Trade Extensions recently released a new set of case studies chronicling just half a dozen sourcing projects it did over the last couple of years for its fortune 500 clients that chronicled, on average, savings of 10% or more which ranged from 500K on a 5.5M category to 28M on a 200M category. All of these companies saved tens of millions (or more) and only spent in the six figure range for the Trade Extensions solution, which means for every penny it saved a dollar.
It is not just the magnitude of the savings that is significant though – it is the breadth of the impact. The air freight example not only identified a savings potential of 42%, with a realized savings of 21% (when the company took risk, performance, and preferred vendors into account), but also identified a scenario which improved service levels and reduced risks while delivering 21% savings.

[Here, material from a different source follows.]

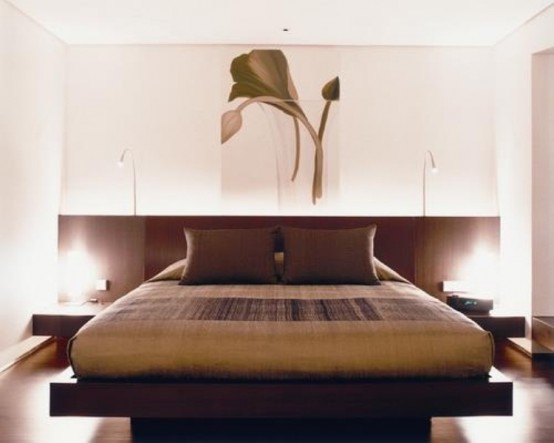 a beautiful zen bedroom with a dark Asian minimalist bed and nightstands, dark bedding and a lovely floral artwork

The compliance reporting example helped an organization that, due to the scale of it’s operations, took five days to analyze the output of its Transportation Management System (TMS), reduce its retrospective analysis time to a proactive operations step that automatically executed in 30 minutes or less, and allowed the organization to, for the first time, ensure its product movements were consistent with the awarded contract scenario.
In the full truck load and global packaging examples, the companies were able to rationalize the supply bases by 25% to 40% while reducing cost and at least maintaining service levels and risk (if not increasing service and decreasing risk).
But yet these examples are rare. Every year many organizations as large, or larger, than these continue to spend close to, if not, seven figures on their first generation sourcing or source to pay platforms while generating savings that, instead of being in the 10% or more range, are in the 2% to 3% range, which means that the organization is essentially spending dollars to save dollars — which does not make good ecnoomic sense. Especially when a modern optimization (backed sourcing) platform can always be run along side existing supply management system and used as appropriate to generate 3X to 5X the savings and value than the organization would otherwise obtain.
So while the leaders have learned, why won’t the laggards learn?